May 28, 2020 By Anthony Capkun
May 28, 2020 – Earlier this month, the Surety Association of Canada (SAC) board approved a new specialty bond form designed for use with Integrated Project Delivery (IPD) projects.
The new bond template had been under development for more than a year and is designed to be used in conjunction with the standard CCDC-30 Integrated Project Delivery Contract.
IPD presents a new set of challenges to the construction industry as it works to create a sustainable and workable model that puts the theory into practice, SAC says. One such challenge surrounds risk mitigation and, in particular, the risk of contractor (or other party) failure.
In response, SAC developed a template performance bond that responds to the structure and dynamics of the IPD project arrangement. In creating this new product, SAC undertook a review of the inter-relationships between parties to IPD contracts. From there, the drafting team identified the points of vulnerability to that risk of failure of the project contractor and/or one of the other construction participants to the IPD team.

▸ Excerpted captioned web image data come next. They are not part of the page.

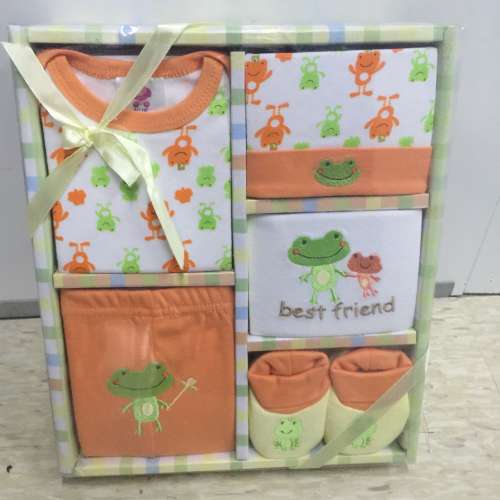 Baby Gift Box Set for Newborns ORANGE NEW 全新嬰兒套裝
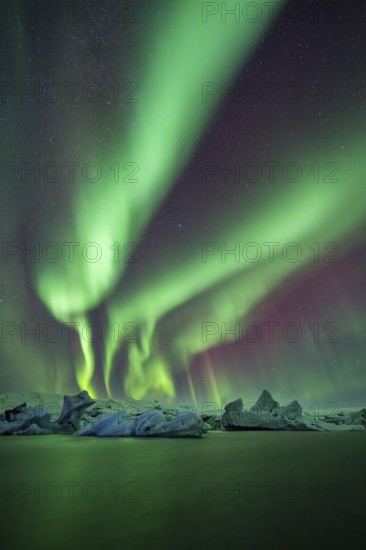 Northern Lights over icebergs in the glacier lagoon, Jökulsarlon, icebergs with glacier,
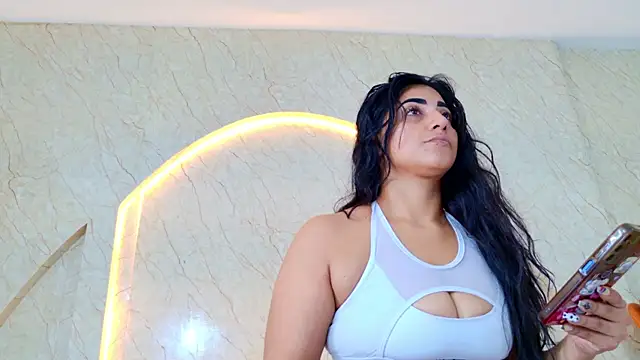 Snapshot of Antonella_Russo1 chatting on July 14, 1:39 pm Antonella Russo1 online show from July 14, 1:39 pm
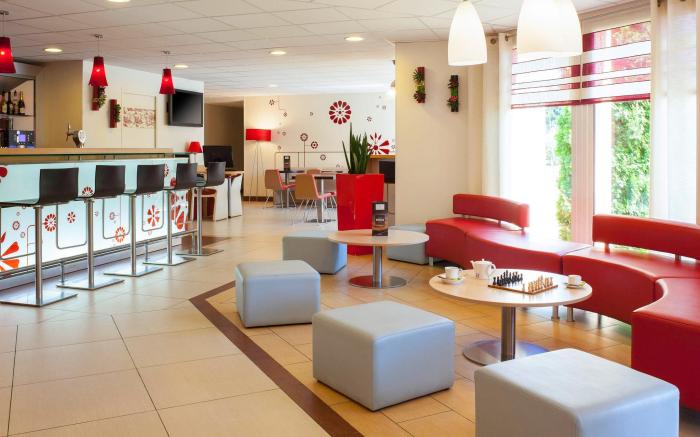 Ibis Jouy-en-Josas Vélizy
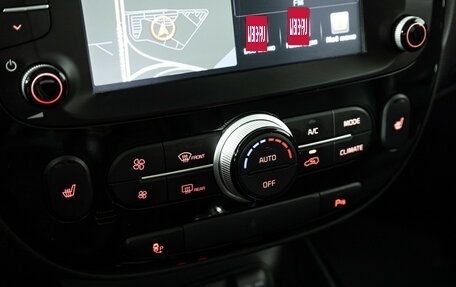 KIA Soul II рестайлинг, 2018 год, 1 799 700 рублей, 19 фотография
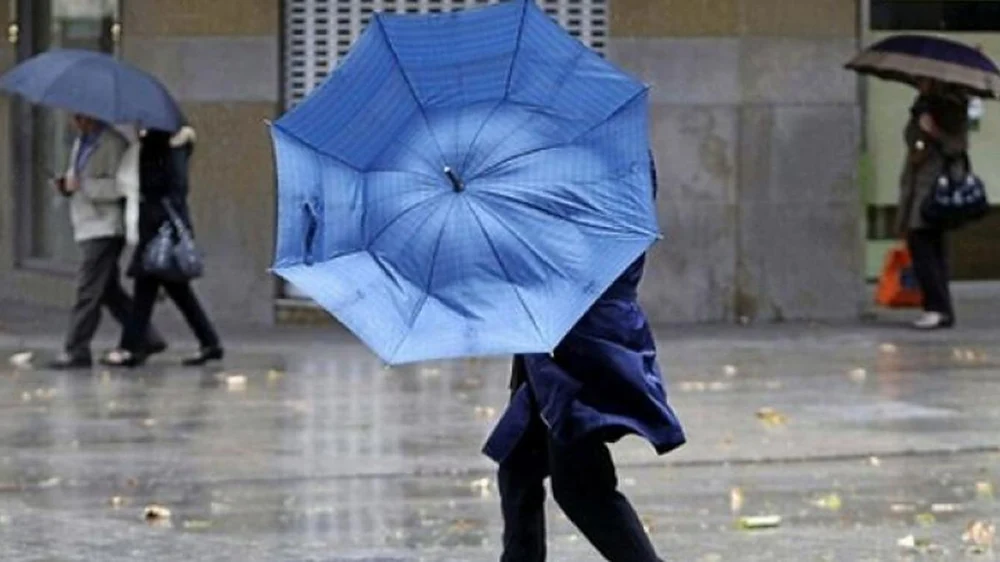 Vremea duminică, 26 octombrie. Atmosferă mohorâtă în toată țara, ploi slabe și vânt intens. La cât ajung temperaturile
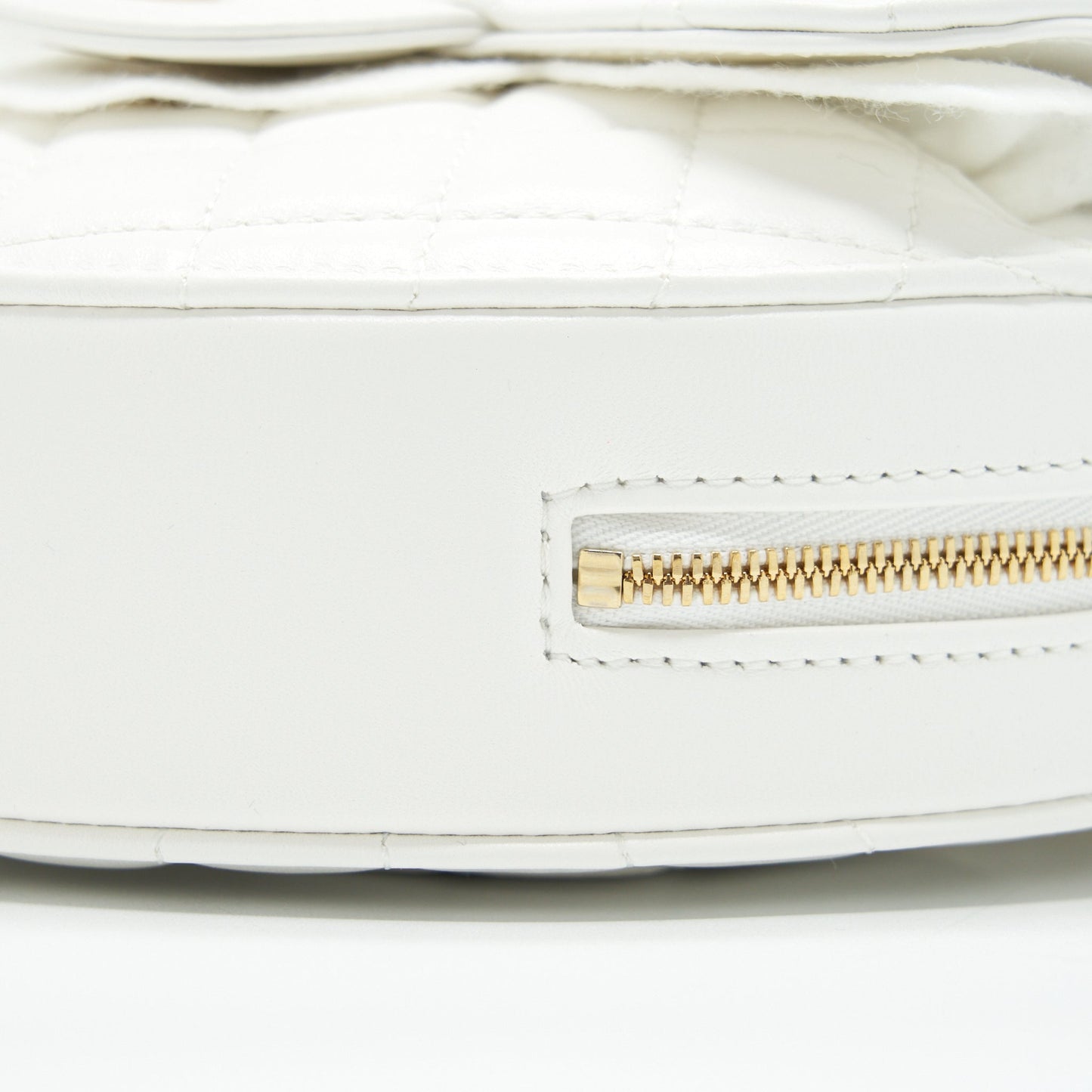 Chanel 22S Heart Bag Lambskin White L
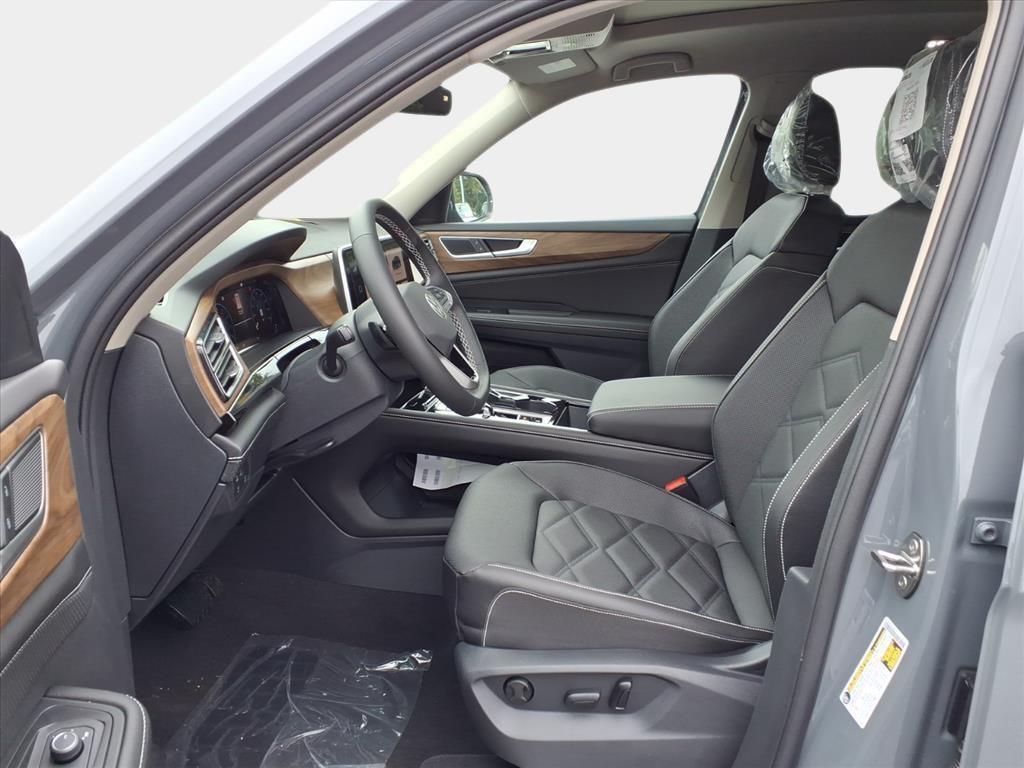 new 2026 Volkswagen Atlas car, priced at $48,455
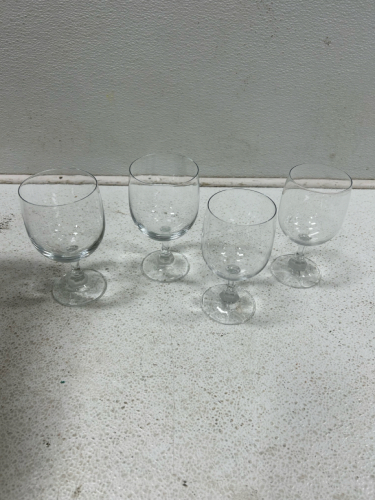 (1) Assorted stem glasses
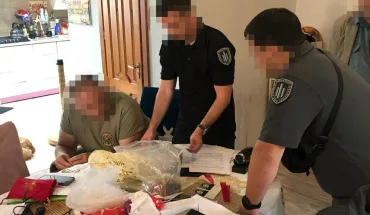 На Дніпропетровщині судитимуть командира військової частини, через якого військовослужбовці замість якісного одягу отримували дешеві аналоги (2)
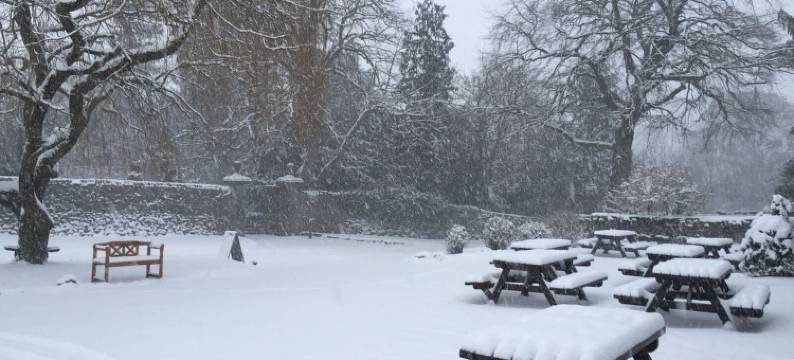 潘趣酒杯旅馆(The Punchbowl Inn)图片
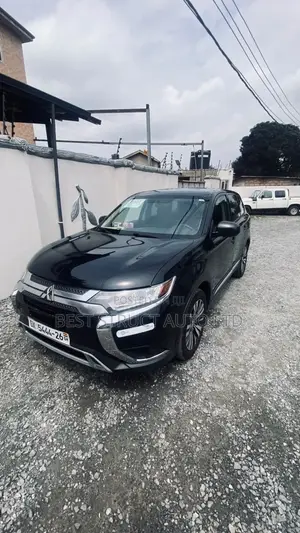 2019 Model Mitsibushi Outlander for Rent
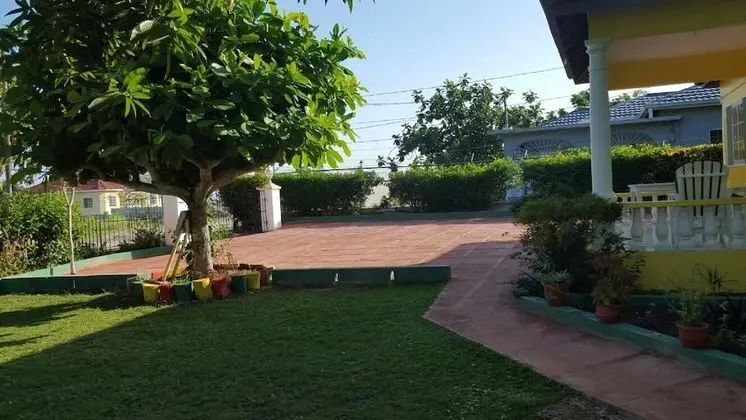 Ocho Rios Cinnamon Villas - Dış Mekan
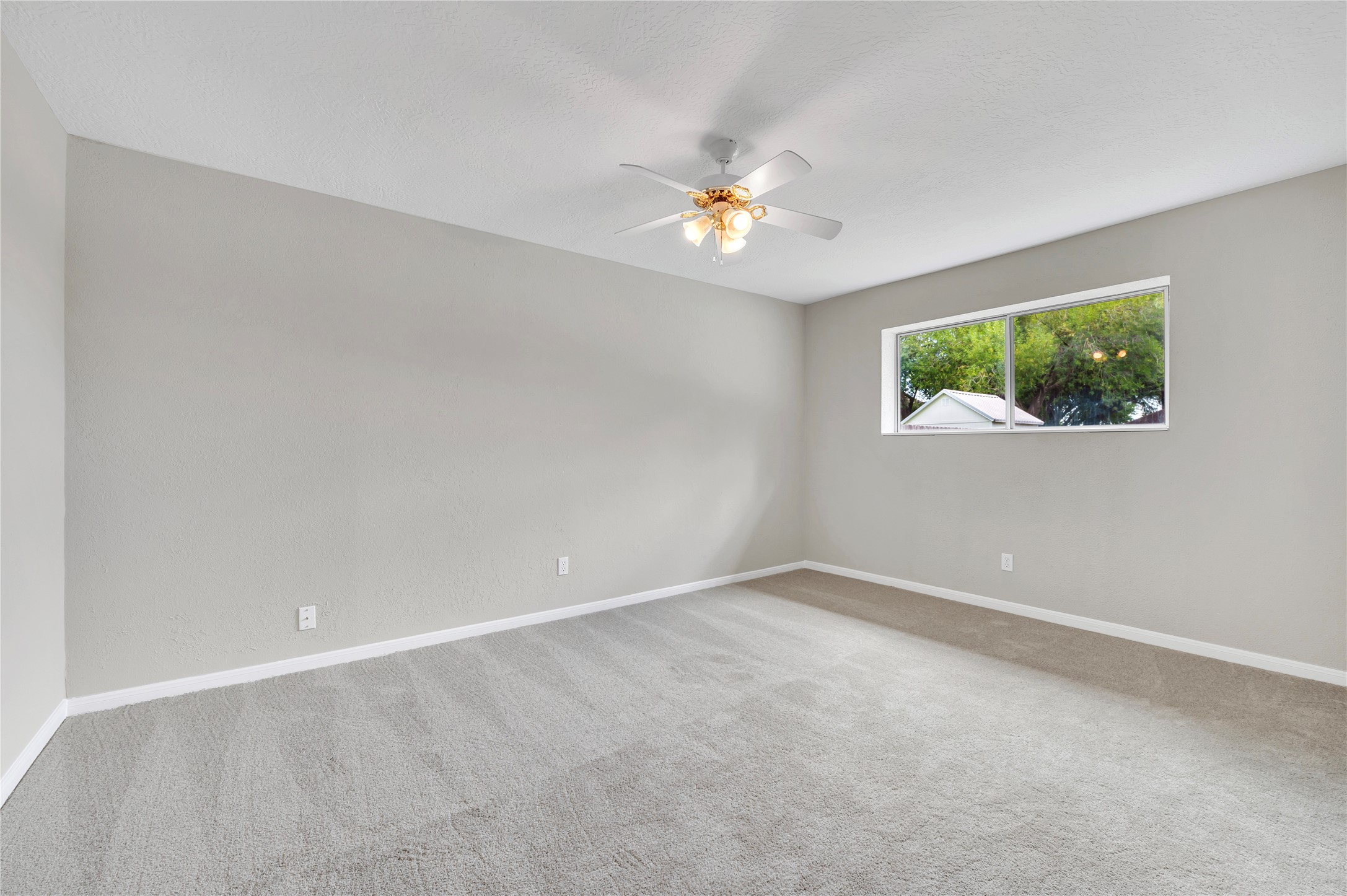5422 Thistle Drive, Dickinson, TX 77539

While the new bond template is intended for use with the CCDC-30 standard, it also seeks to be flexible enough for use with modified versions of this document and for other variations on the IPD theme. A few highlights and observations:
• The new bond arrangement contemplates that each construction participant in the project will post its own bond that guarantees the performance of its obligations under the IPD Contract. Thus, there may be several bonds on any given project, posted by each of the major construction parties.
• As the source of project funding and ultimate bearer of the financial risk of a cataclysmic event, the owner is the logical choice as obligee/beneficiary under the bond. The SAC IPD Performance Bond identifies the Owner as the sole obligee under the instrument.
• The SAC IPD Performance Bond will protect the Owner from any increase in costs of completing the Principal’s Work under the IPD Contract following that Principal’s default and termination under the terms of the IPD Contract. This will include any additional direct costs (shortfall) to complete the Principal’s work along with any HST/GST and Owner’s expenses (as defined in the bond).
• A claim on the bond can be advanced when the Principal is in default of its obligation and its participation in the project has been terminated by the other members of the IPD team.
“The risk of a major contractor insolvency or failure, if not adequately managed, can have catastrophic consequences to the project and all of its participants,” said SAC president Steve Ness. “A surety instrument specifically created for use on IPD projects will go a long way to mitigating that risk.”
A specimen copy of the new SAC IPD bond—along with a User’s Guide that explains its features—can be reviewed and downloaded here.
The Surety Association of Canada is the national trade advocacy association representing the interests of the surety industry across Canada. Its members consist of primary surety firms, surety reinsurers, surety/insurance brokers, and other organizations that provide related and complementary services to the surety industry.